Mittwoch, 22. April: Eine E-Mail trudelt ein. „Wir laden Sie ein zu Ihrem ersten Arbeitstag am Donnerstag, 23.04.2020 um 07.00 Uhr Uedorfer Weg 60, 53332 Bornheim.“ Das ist ja schon morgen.

Donnerstag, 23. April: Um 7 Uhr begrüßt ein Herr vom Insolvenzbüro 25 Menschen auf dem Erdbeer- und Spargelhof, die sich um ihn scharen, junge Leute, Studenten. Sie hätten hier sonst tausend Rumänen beschäftigt, nun gerade mal 250, wie schön es sei, dass wir nun aushelfen würden. Sie seien eine bunte Truppe, der Busfahrer werde uns gleich in die Erdbeerfelder fahren. Jeder erhält beim Einstieg eine Schutzmaske, Made in China.

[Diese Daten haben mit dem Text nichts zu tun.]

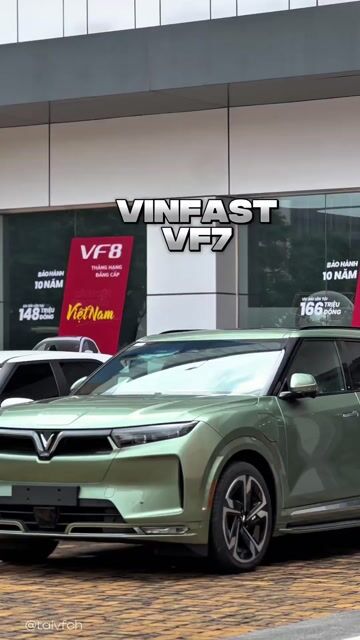 VinFast VF9 2025 Plus. Mua bán Ô tô tại Quận Tân Bình Tp Hồ Chí Minh được đăng bởi Tài VinFast Cộng Hoà hình 1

Das Erdbeerfeld, das ist ein mit Folie überspannter Tunnel neben dem anderen. Jeder von uns darf sich einen kleinen Eisenwagen nehmen, so groß, dass eine Kiste hineinpasst, in die zehn Plastikschalen verteilt werden. Vorne hat der Eimer einen Eisenring, in die ein Eimer geklemmt werden kann. Wir werden auf die Tunnel verteilt, so lang wie ein Fußballfeld, jeder Tunnel hat fünf Reihen Erdbeeren, jeder nimmt sich eine vor. Ich arbeite mit einem Amerikaner und drei Argentiniern zusammen. Der junge Rumäne, der uns einarbeitet, heißt Daniel, klein, drahtig. Er sagt, wo’s lang geht. Das Grüne muss dran bleiben an der Erdbeere, das klappt nicht immer. Wie machen das die Rumänen? Ein Wedeln mit der einen Hand, um die Erdbeeren freizulegen, die andere Hand knipst die Erdbeere ab.

Freitag, 24. April: Ich arbeite mit Florian, einem Koch, seiner Frau und Hassim aus dem Kosovo zusammen. Jeder hat seine eigene Technik. Ich finde es am besten mich über die Erdbeerreihe zu stellen und mich gebückt vor zu arbeiten, und die Unterarme hin und wieder auf den Oberschenkeln abzustützen. Wenn du deine Kiste gefüllt hast, bringst du sie zu einem Tisch  an dem sie gewogen wird. 5900 Gramm sind verlangt. Erdbeeren, die unreif, matschig oder ohne Grüne sind, werden aussortiert. Der Rest kommt auf dann rauf auf den Laster. Nach fünf Stunden bin ich froh, dass es vorbei ist.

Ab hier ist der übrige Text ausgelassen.